◆ TO DO ◆
Print all of the data exactly, but drop the pictures.
[Opening DATA section]
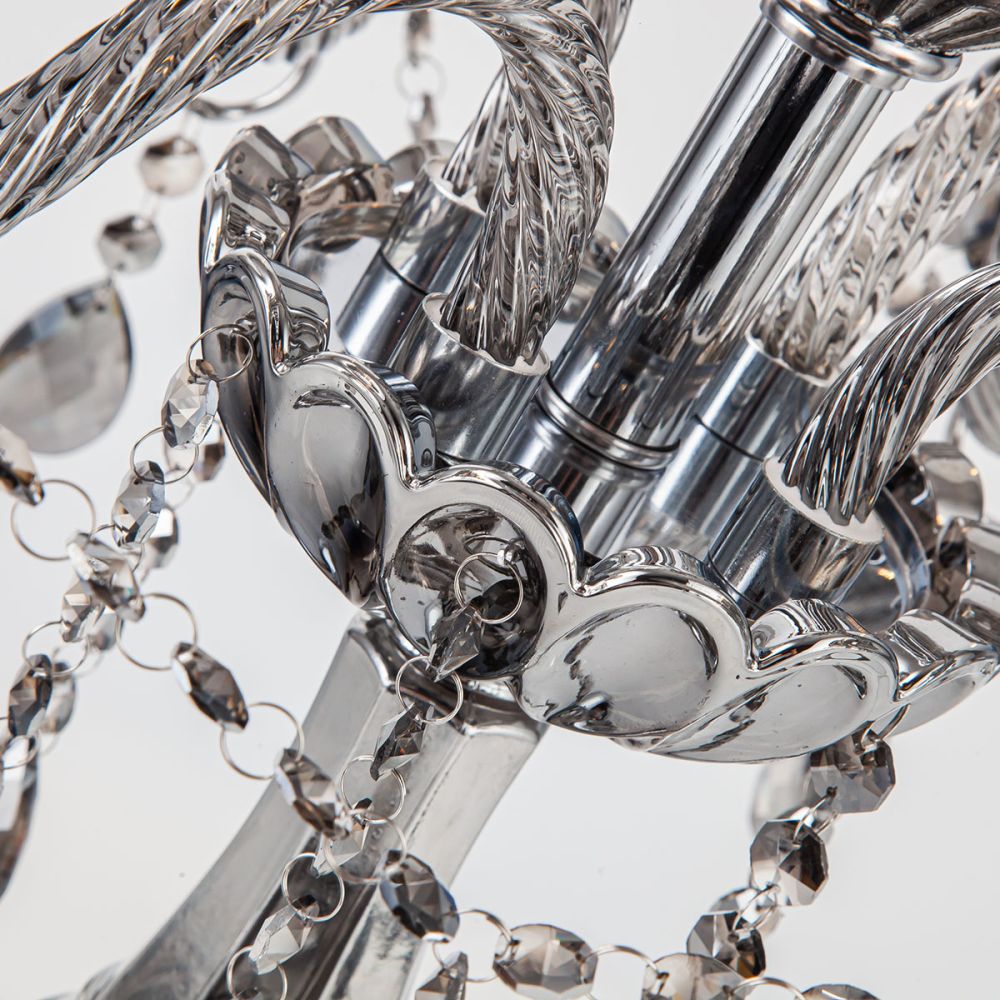 Crystal Golden 5-Arms Table Lamp | Table Lighting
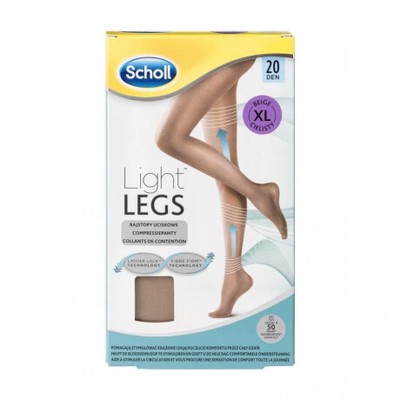SCHOLL Καλσόν Light Legs 20 Den Extra Large Μπεζ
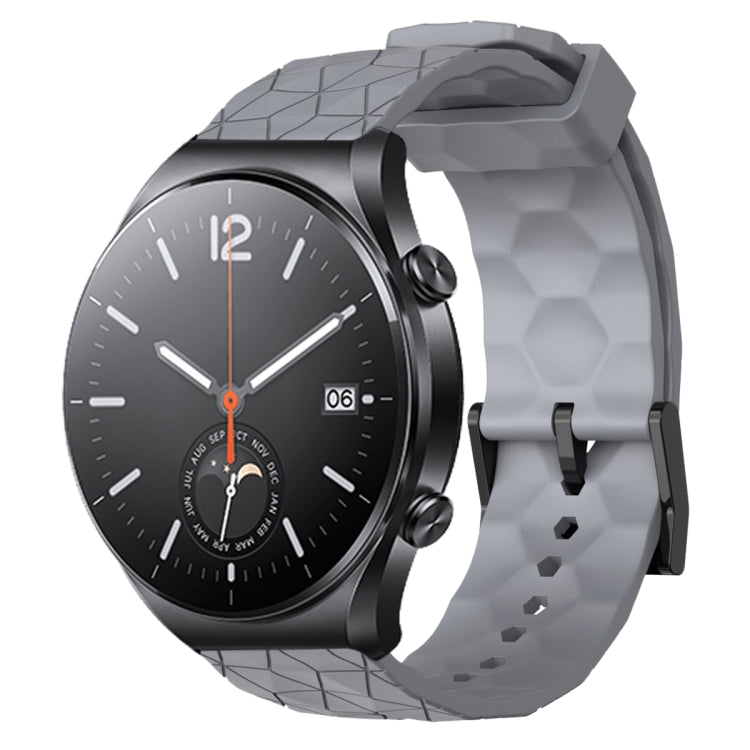Cinturino per orologio in silicone tinta unita con motivo a calcio da 22 mm, For Xiaomi MI Watch S1, For Xiaomi MI Watch S1 Pro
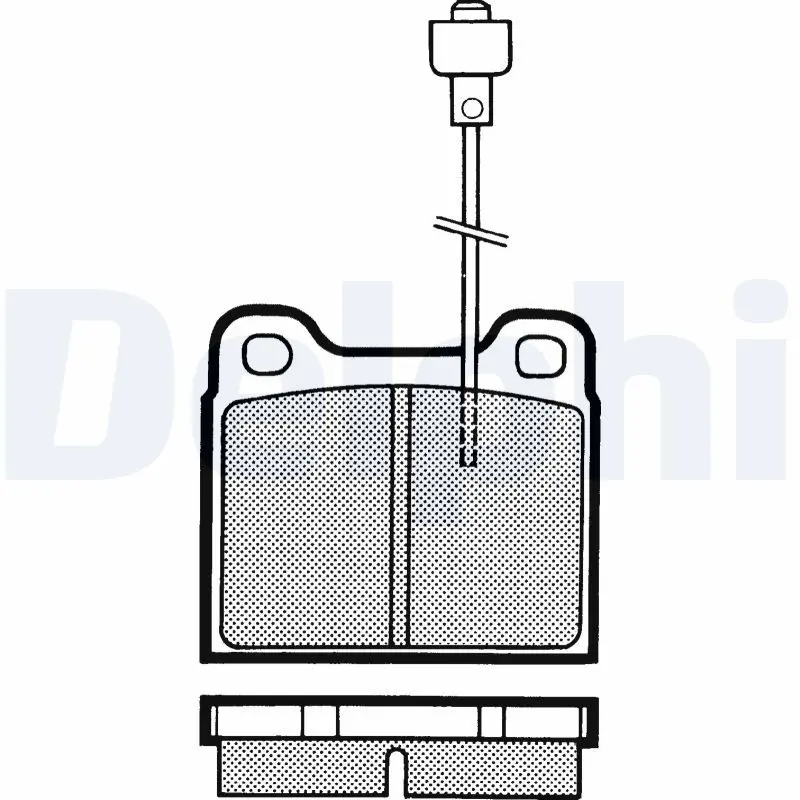 Handler.Part Brake pad set, disc brake DELPHI LP156 1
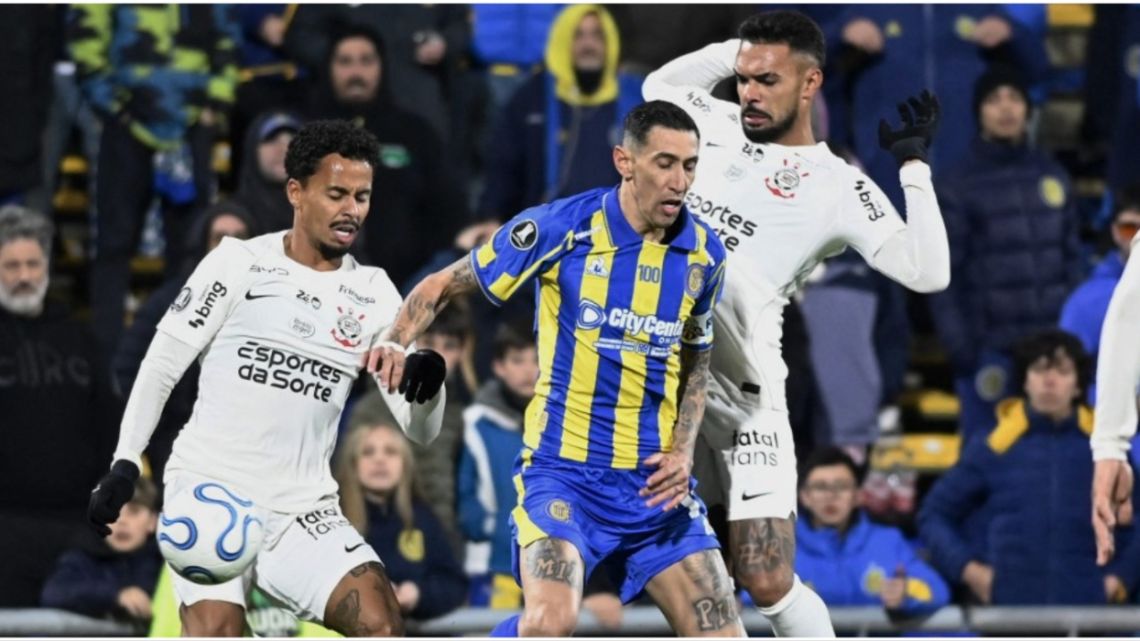 Rosario Central vs Corinthians: el Canalla no pudo romper el 0-0 y definirá la serie de Libertadores en Brasil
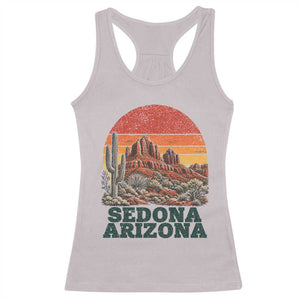 Retro Sedona Arizona Mountain Racerback Tank Top Southwest Hiking Outdoor Nature Souvenir
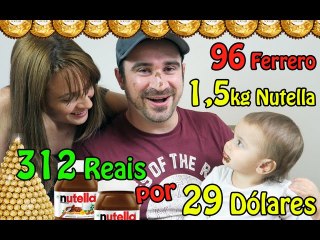 O FAMOSO BOLO 312 REAIS POR 29 DOLARES COM 96 FERRERO E 1,5KG DE NUTELLA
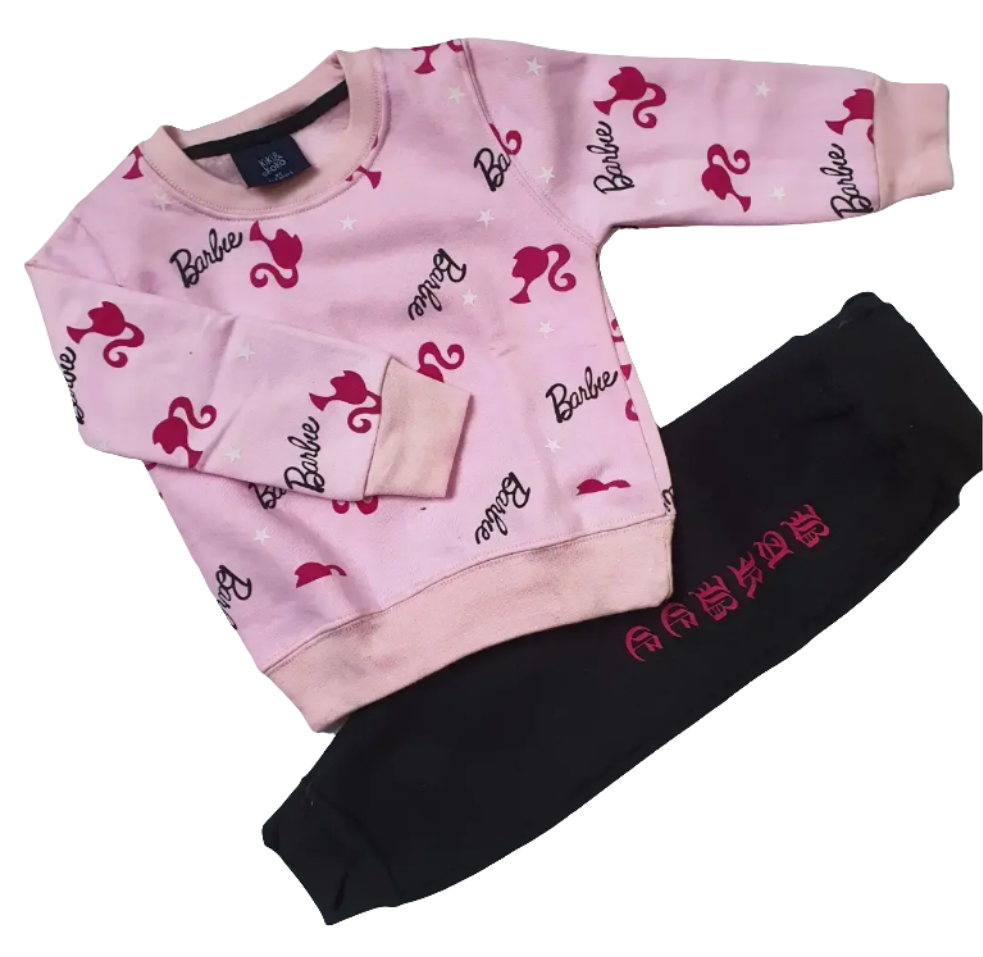 Barbie print tracksuit for girls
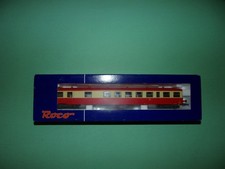 ROCO remorque d'autorail XR BD DECAUVILLE + éclairage rouge/crème 45691 NEUF (t)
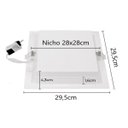 Ver imagem 4 de Painel Led Embutir Recuado Plafon Kais 24w 3000k Nordecor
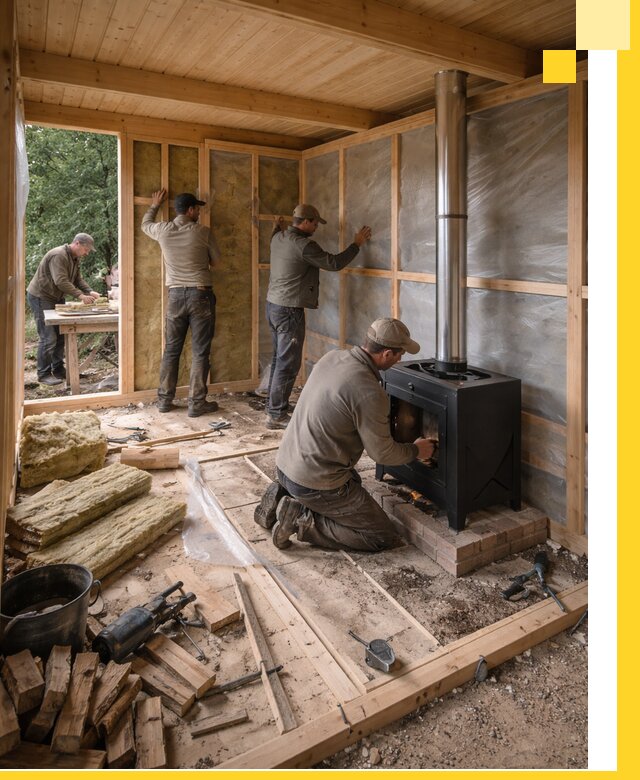 Профессиональный монтаж бань под ключ в Кореновске для дома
[Closing DATA section]
◆ PROBLEM SOLUTION ◆
 Crystal Golden 5-Arms Table Lamp | Table Lighting
SCHOLL Καλσόν Light Legs 20 Den Extra Large Μπεζ
Cinturino per orologio in silicone tinta unita con motivo a calcio da 22 mm, For Xiaomi MI Watch S1, For Xiaomi MI Watch S1 Pro
 Handler.Part Brake pad set, disc brake DELPHI LP156 1
 Rosario Central vs Corinthians: el Canalla no pudo romper el 0-0 y definirá la serie de Libertadores en Brasil
 Retro Sedona Arizona Mountain Racerback Tank Top Southwest Hiking Outdoor Nature Souvenir
 O FAMOSO BOLO 312 REAIS POR 29 DOLARES COM 96 FERRERO E 1,5KG DE NUTELLA
 Barbie print tracksuit for girls
 ROCO remorque d'autorail XR BD DECAUVILLE + éclairage rouge/crème 45691 NEUF (t)
 Ver imagem 4 de Painel Led Embutir Recuado Plafon Kais 24w 3000k Nordecor
 Профессиональный монтаж бань под ключ в Кореновске для дома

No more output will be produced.